When we got to the campsite, the boys sprang into action. Virtually as soon as I had found my way to the campground and made sure that Yakir was with me, the tents were set up. Poof. Just like that. The boys were unbelievable - rolling out maps, getting sleeping bags set up, throwing down rugs and heading out to collect fire wood.
It was really a pleasure watching them in an environment that I know nothing about - and one where they seem to be so comfortable (what little boy isn't comfortable rolling around in dirt, making fires, burning marshmallows and eating lots of meat?).

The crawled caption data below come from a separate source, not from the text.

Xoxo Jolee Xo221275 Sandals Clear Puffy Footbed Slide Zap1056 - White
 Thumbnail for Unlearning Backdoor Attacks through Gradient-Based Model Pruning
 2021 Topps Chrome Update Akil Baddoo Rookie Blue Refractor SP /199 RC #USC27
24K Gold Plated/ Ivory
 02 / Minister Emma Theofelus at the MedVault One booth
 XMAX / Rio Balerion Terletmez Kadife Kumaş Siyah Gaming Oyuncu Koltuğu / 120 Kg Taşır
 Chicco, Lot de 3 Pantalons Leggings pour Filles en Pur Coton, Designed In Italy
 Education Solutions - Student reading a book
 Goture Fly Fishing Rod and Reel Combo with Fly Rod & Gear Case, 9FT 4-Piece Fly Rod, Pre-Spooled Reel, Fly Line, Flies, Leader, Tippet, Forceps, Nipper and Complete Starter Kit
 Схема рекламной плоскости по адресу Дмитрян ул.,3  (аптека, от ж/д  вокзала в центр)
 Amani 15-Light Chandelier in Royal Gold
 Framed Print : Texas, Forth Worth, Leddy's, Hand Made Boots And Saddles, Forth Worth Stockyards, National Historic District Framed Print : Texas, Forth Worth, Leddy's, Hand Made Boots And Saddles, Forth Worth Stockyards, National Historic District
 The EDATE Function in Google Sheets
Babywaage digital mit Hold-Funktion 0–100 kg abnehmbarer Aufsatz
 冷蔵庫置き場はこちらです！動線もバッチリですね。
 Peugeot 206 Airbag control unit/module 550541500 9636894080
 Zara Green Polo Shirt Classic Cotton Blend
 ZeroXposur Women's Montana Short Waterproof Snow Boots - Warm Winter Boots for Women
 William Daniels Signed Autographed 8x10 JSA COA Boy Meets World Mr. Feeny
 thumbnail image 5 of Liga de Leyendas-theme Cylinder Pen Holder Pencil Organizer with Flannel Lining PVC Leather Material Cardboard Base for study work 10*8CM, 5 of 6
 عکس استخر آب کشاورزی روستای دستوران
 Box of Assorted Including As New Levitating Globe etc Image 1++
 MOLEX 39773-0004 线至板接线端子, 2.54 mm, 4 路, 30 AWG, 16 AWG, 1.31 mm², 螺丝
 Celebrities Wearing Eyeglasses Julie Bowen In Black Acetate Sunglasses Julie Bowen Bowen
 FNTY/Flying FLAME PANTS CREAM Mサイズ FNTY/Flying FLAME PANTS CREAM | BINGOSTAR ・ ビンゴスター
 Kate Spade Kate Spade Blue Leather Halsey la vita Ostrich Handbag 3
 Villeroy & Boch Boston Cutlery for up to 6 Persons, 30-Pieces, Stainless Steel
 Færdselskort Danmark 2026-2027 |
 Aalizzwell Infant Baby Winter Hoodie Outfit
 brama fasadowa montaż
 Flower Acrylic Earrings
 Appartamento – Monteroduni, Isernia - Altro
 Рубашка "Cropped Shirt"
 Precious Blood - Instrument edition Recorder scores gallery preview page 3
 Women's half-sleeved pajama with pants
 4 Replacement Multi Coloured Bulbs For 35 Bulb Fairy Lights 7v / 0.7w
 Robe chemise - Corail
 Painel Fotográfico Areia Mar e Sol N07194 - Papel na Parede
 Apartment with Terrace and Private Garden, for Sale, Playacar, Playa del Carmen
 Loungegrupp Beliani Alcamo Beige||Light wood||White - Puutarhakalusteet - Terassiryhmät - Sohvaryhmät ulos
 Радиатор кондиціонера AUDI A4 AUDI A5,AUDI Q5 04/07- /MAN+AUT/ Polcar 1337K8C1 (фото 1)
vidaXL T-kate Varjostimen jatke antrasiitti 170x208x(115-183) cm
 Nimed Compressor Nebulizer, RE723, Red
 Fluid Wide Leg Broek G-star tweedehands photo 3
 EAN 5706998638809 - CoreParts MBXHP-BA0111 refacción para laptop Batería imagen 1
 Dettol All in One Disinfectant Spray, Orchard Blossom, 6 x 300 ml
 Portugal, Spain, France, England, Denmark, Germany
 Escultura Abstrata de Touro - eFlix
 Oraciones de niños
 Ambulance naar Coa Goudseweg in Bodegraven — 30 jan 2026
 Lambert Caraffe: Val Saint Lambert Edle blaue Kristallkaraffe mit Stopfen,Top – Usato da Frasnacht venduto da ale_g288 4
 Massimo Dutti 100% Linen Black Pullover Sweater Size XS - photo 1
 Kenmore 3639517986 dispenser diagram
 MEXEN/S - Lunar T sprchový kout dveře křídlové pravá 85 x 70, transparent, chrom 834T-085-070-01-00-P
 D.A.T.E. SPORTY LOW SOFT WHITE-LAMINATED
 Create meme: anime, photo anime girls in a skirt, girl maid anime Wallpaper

The next morning, there was Josh cooking up a delicious matza and egg breakfast while I was still rubbing the sleep out of my eyes and running after Yakir. And then we were off for our first day of hiking.
Now, I'm well aware that I'm the weak link in the testosterone-filled home. Josh keeps reminded me every time that I complain on a hike or ask if we can make a detour to a cafe that I better keep up...or get left behind by my group of growing men.
And he's certainly right. It was hysterical to watch the boys on this rigorous three hour adventure. The four older boys zoomed ahead, jumping over boulders, gliding down mountains and giggling all the way. Yakir was a bit crankier on Josh's back, but he did ok overall, and Zeli was amazing. Some of the rocks he had to scale were larger than he is, and he declared himself a "mountain man" and just kept moving forward. I tried to reason with myself that if my three year old wasn't complaining, then I really couldn't.
On the second night, we stayed in a very cool igloo of sorts at the camp ground.
The boys appeared to have boundless energy, wrestling on the mats we had out for sleeping, roasting marshmallows and asking how late they could stay up. Yes, I was asleep before they settled down.
Then, the last day, we hiked to a beautiful waterfall. When we got there, I enjoyed watching Yehuda and Matan go scurrying off, looking for crabs and fish and getting wet and dirty. Amichai and Eliav weren't far behind.
At one point, when we were walking in this deep ravine, we stumbled upon a cow! How the cow had gotten there (and how it was possibly going to get out) was anybody's guess.
And then, as we headed home, we offered the boys the treat of a bit more commercial food. What Pesach trip is complete, after all, without a trip to a Kosher-for-Pesach McDonalds? The boys loved the idea of going to McDonalds (although not the potato buns...those were gross) and the little ones dug into their Happy Meals.
But I had the happiest meal of all, watching all of my boys so comfortably navigating the natural world around them, exploring Eretz Yisrael and enjoying themselves without spending much at all.
What a gift to me for Pesach!
While the committee is still out voting, I believe I've swayed enough of them that I'll be voted in for the next trip. And I certainly look forward to that adventure and to seeing the many ways that my little men surprise me and show their talents along the way.